If we want to cover the path <1>, we need to solve the following constraints.

In [None]:
import z3

In [None]:
a, b, c = z3.Ints('a b c')

In [None]:
z3.solve(a == b, a == c, b == c)

In [None]:
assert check_triangle(0, 0, 0) == 'Equilateral'

Similarly, for solving path <2> we need to simply invert the condition (2):

In [None]:
a, b, c = z3.Ints('a b c')

In [None]:
z3.solve(a == b, a == c, z3.Not(b == c))

The symbolic execution suggests that there is no solution. A moment's reflection will convince us that it is indeed true.
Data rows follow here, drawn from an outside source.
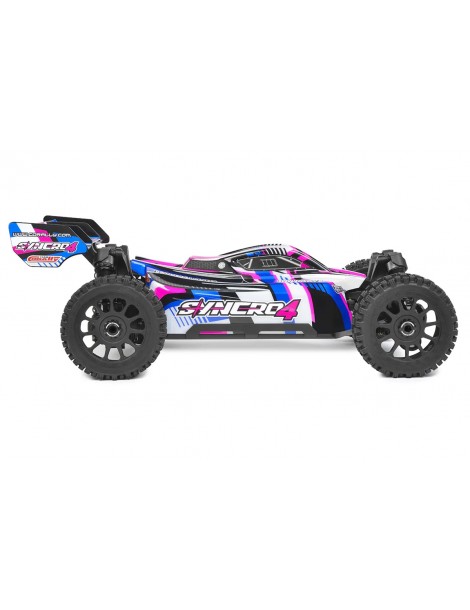 SYNCRO-4 - RTR - 2026 Pink - Brushless Power 3-4S - No Battery - No Charger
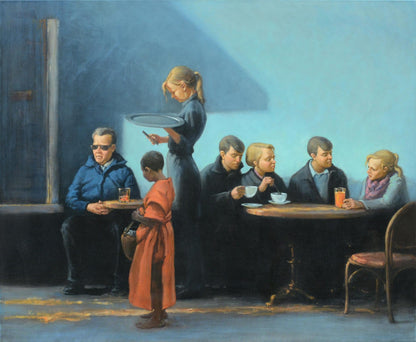 Oil painting Other people Oleg Kateryniuk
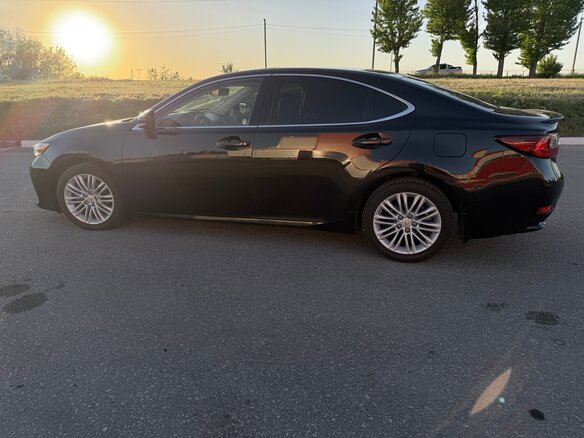2015 Lexus ES 200 VI Рестайлинг, чёрный, 2300000 рублей - вид 4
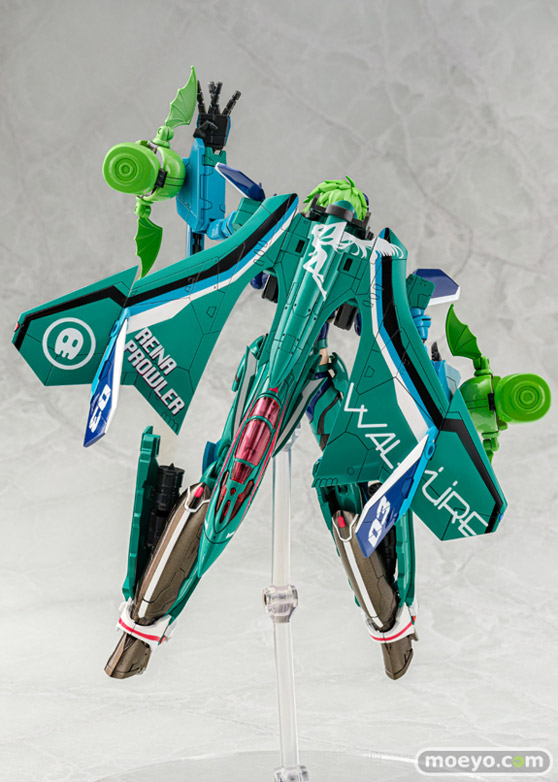 アオシマ V.F.G. No.MC-15 マクロスΔ VF-31A カイロス レイナ・プラウラー プラモデル 24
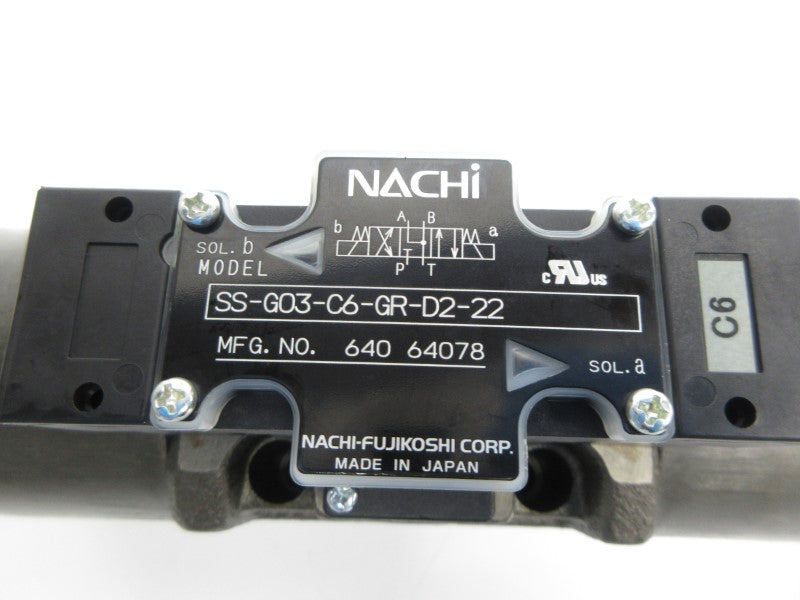 NACHI SS-G03-C6-GR-D2-22 NSNP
Let us proceed with the other paths.

Next we attempt path <3> which we get by inverting (4)

In [None]:
a, b, c = z3.Ints('a b c')

In [None]:
z3.solve(a == b, z3.Not(a==c))

In [None]:
assert check_triangle(1, 1, 0) == 'Isosceles'

How about path <4>?

In [None]:
a, b, c = z3.Ints('a b c')

In [None]:
z3.solve(z3.Not(a == b), b!= c, a == c)

In [None]:
assert check_triangle(1, 0, 1) == 'Isosceles'

Continuing to path <5>:

In [None]:
a, b, c = z3.Ints('a b c')

In [None]:
z3.solve(z3.Not(a == b), b!= c, z3.Not(a == c))

This is surprising! We get negative numbers, because while we *know* that a triangle's sides should not have negative numbers, it was not included in the code. We can explore how it would look if that restriction was added.

In [None]:
z3.solve(a >=0, b>=0, c>= 0,z3.Not(a == b), b!= c, z3.Not(a == c))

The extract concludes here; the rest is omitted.